The length of the DNS name is restricted to 64 characters due to some limitations with Hue workloads.
These names are stored as A records in the Route53 hosted zone in the Cloudera managed Cloudera Control Plane AWS account. Hence, you can resolve these names from any location outside of the VPC. However, note that they would still resolve to private IP addresses and hence are constrained by the connectivity setup described in preceding sections.
Within a Cloudera environment, the DNS resolution happens differently. Every Cloudera environment has a DNS server that is played by a component called FreeIPA. This server is seeded with the hostnames of the nodes of all workload clusters in the environment.
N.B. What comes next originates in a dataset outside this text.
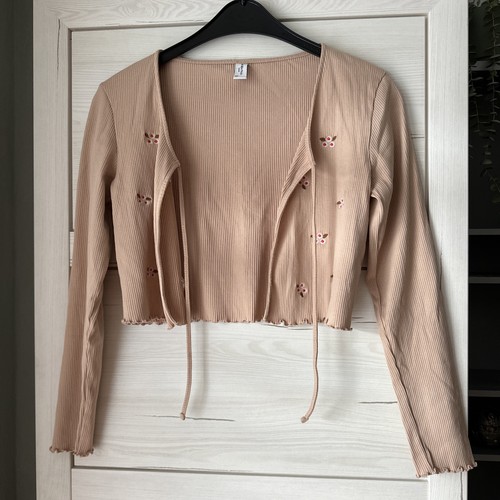 Bolero strickjacke cardigan - strickjacke,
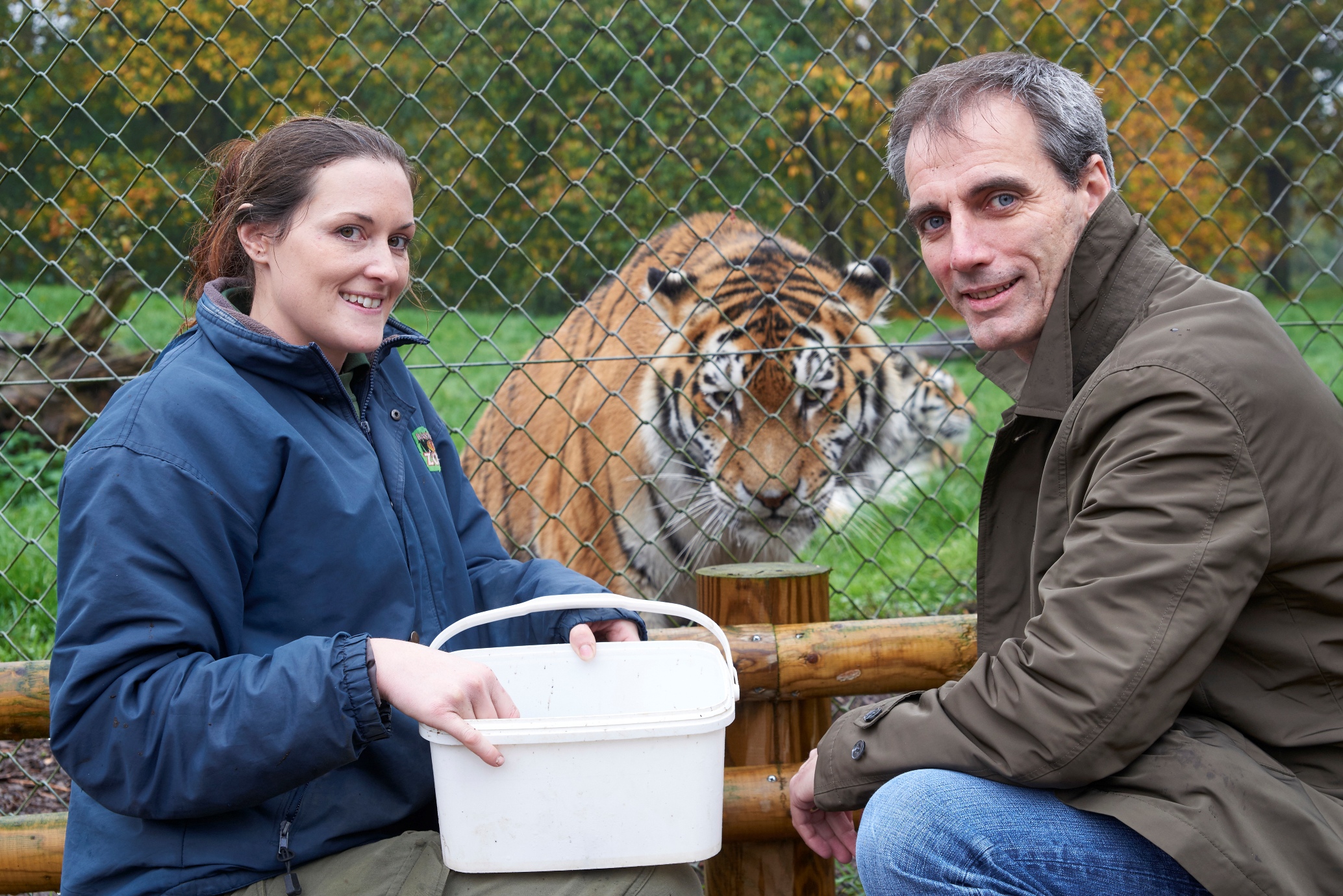 Nm Banham Cat Keeper Deborah Harris Kuzma The Tiger And Dave Wilson From T.jpg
Every node in a Data Lake, Cloudera Data Hub, and a Cloudera data service is configured to look up the FreeIPA DNS service for name resolution within the cluster.

Associating additional CIDRs to a VPC

You can choose to add another CIDR to your VPC in case you are close to exhausting the available IPs in your VPC by following the necessary steps from Associate a secondary IPv4 CIDR block with your VPC. Once a new CIDR has been added to your VPC, a created environment not will pick these changes automatically. For the environment to pick up the new CIDR, follow these steps.

Go to your environment page and under Summary tab click on the refresh icon in the Network card.
To add any new subnets created with the new CIDR, click on the pencil icon and choose the new subnet from the dropdown.

The user can now use the new subnet for any subsequent workloads that will be created.